> HOW TO COMPLETE THIS TASK:
Nothing in the data may change. Copy all of it exactly.

----- RECORDS TO USE

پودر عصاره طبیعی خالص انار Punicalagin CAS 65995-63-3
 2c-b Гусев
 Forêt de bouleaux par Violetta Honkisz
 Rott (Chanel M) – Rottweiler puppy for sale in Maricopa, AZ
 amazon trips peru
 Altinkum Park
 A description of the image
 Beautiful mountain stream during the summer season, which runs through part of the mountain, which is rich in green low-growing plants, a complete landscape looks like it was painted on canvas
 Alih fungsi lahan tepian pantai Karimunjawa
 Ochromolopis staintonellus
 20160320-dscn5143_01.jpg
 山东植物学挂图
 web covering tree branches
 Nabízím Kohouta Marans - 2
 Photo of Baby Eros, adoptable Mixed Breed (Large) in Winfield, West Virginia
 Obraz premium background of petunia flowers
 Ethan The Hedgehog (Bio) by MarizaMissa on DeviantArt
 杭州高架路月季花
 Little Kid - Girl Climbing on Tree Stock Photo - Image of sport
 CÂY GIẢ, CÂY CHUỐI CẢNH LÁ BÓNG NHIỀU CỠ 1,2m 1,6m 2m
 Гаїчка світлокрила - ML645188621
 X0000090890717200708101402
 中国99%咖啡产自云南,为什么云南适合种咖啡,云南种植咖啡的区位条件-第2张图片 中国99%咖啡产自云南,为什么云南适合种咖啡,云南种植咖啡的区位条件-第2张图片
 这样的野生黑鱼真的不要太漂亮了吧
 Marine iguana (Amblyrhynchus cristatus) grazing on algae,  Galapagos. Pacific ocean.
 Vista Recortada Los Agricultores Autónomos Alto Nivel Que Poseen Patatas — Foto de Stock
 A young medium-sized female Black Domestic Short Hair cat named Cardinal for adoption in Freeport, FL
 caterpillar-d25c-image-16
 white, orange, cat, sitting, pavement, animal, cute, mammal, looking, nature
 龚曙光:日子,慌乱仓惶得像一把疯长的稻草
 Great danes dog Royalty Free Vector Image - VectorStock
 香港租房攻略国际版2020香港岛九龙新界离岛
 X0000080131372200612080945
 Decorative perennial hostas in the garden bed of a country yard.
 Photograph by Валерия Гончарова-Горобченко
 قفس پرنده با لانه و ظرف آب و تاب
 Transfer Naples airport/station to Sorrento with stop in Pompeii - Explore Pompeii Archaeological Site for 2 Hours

----------

> OUTPUT BELOW:
پودر عصاره طبیعی خالص انار Punicalagin CAS 65995-63-3
 2c-b Гусев
 Forêt de bouleaux par Violetta Honkisz
 Rott (Chanel M) – Rottweiler puppy for sale in Maricopa, AZ
 amazon trips peru
 Altinkum Park
 A description of the image
 Beautiful mountain stream during the summer season, which runs through part of the mountain, which is rich in green low-growing plants, a complete landscape looks like it was painted on canvas
 Alih fungsi lahan tepian pantai Karimunjawa
 Ochromolopis staintonellus
 20160320-dscn5143_01.jpg
 山东植物学挂图
 web covering tree branches
 Nabízím Kohouta Marans - 2
 Photo of Baby Eros, adoptable Mixed Breed (Large) in Winfield, West Virginia
 Obraz premium background of petunia flowers
 Ethan The Hedgehog (Bio) by MarizaMissa on DeviantArt
 杭州高架路月季花
 Little Kid - Girl Climbing on Tree Stock Photo - Image of sport
 CÂY GIẢ, CÂY CHUỐI CẢNH LÁ BÓNG NHIỀU CỠ 1,2m 1,6m 2m
 Гаїчка світлокрила - ML645188621
 X0000090890717200708101402
 中国99%咖啡产自云南,为什么云南适合种咖啡,云南种植咖啡的区位条件-第2张图片 中国99%咖啡产自云南,为什么云南适合种咖啡,云南种植咖啡的区位条件-第2张图片
 这样的野生黑鱼真的不要太漂亮了吧
 Marine iguana (Amblyrhynchus cristatus) grazing on algae,  Galapagos. Pacific ocean.
 Vista Recortada Los Agricultores Autónomos Alto Nivel Que Poseen Patatas — Foto de Stock
 A young medium-sized female Black Domestic Short Hair cat named Cardinal for adoption in Freeport, FL
 caterpillar-d25c-image-16
 white, orange, cat, sitting, pavement, animal, cute, mammal, looking, nature
 龚曙光:日子,慌乱仓惶得像一把疯长的稻草
 Great danes dog Royalty Free Vector Image - VectorStock
 香港租房攻略国际版2020香港岛九龙新界离岛
 X0000080131372200612080945
 Decorative perennial hostas in the garden bed of a country yard.
 Photograph by Валерия Гончарова-Горобченко
 قفس پرنده با لانه و ظرف آب و تاب
 Transfer Naples airport/station to Sorrento with stop in Pompeii - Explore Pompeii Archaeological Site for 2 Hours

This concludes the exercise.